İstanbul’un tuhaflıkları, tekinsiz mekânları, esrarengiz kişilikleri, ilginç ya da değil ama bizzat tarihi söz konusu olduğunda akla gelen ilk isim hiç kuşkusuz Reşad Ekrem Koçu olacaktır ve elbette onun 'İstanbul Ansiklopedisi'.

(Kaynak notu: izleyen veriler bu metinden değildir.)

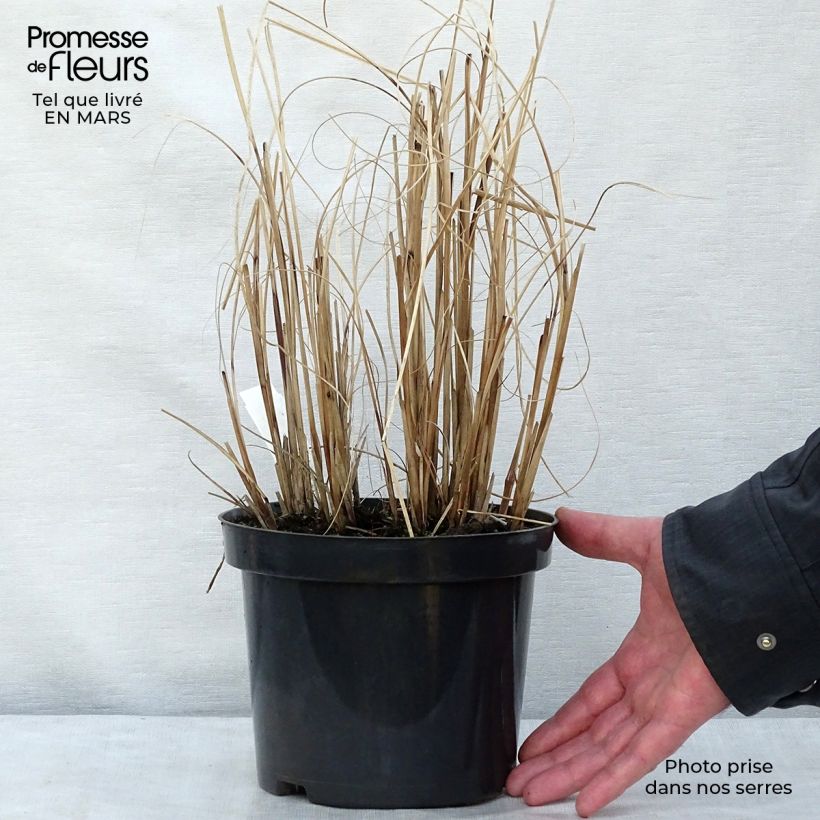 Miscanthus sinensis Morning Light Pot de 2L/3L esemplare consegnato in inverno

“Koçu, İstanbul’un ‘muazzam kütüğü’nü oluşturmak üzere 1944’te başladığı etraflı kaynak tarama ve madde yazımı çalışmalarını 1973’e kadar sürdürür. Sokaklardan mimari yapılara, mühim ya da alelade şahıslardan şehrin âdetlerine, tarihî olaylardan şehir efsanelerine nice konu hikâyemsi anlatımlarla ve resimlemeler eşliğinde kayda geçirilir. Dönemin değerli tarihçi, edebiyatçı, akademisyen ve sanatçılarının katkıda bulunduğu İstanbul Ansiklopedisi, tezkirecilik geleneğiyle Batılı ansiklopedizmin –Koçu’nun kişisel ilgileri çevresinde şekillenen– benzersiz bir karışımı olur. Yalnızca bir başvuru kaynağı, bir tanıklıklar derlemesi ya da İstanbul’a dair her şeyi içerme çabasında devasa bir girişim değil; bütün bu malzemeyi belirli önem hiyerarşileri ve içerme/dışlama stratejileri doğrultusunda işleyerek kendine has bir İstanbul fikri ya da imgesi inşa eden sıra dışı bir çalışmadır.”

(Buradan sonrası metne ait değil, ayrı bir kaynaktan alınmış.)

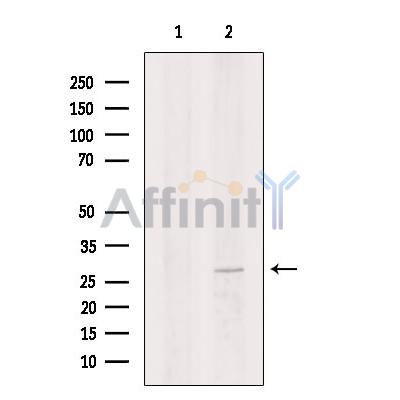 Валидация Affinity DF7000 - 18637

Bu cümleler, SALT ve Kadir Has Üniversitesi’nin uzun vadeli bir arşiv ve araştırma projesini hayata geçirdiklerine dair yapılan açıklamadan... Üç yıla yayılacak projeyle tarihçi ve romancı Reşad Ekrem Koçu’nun yarım kalmış İstanbul Ansiklopedisi‘nin basılı ciltleri ve yayınla ilgili muhtelif nitelikte binlerce belge dijital ortama aktarılarak çok yönlü bir çevrimiçi yazılım aracılığıyla erişime açıldı. Son zamanlarda haberini aldığımız en heyecan verici girişimlerden biri olarak nitelendirebiliriz sanırım rahatlıkla; çalışmaların ayrıntılarını da SALT’ın internet sitesinden takip etmek mümkün.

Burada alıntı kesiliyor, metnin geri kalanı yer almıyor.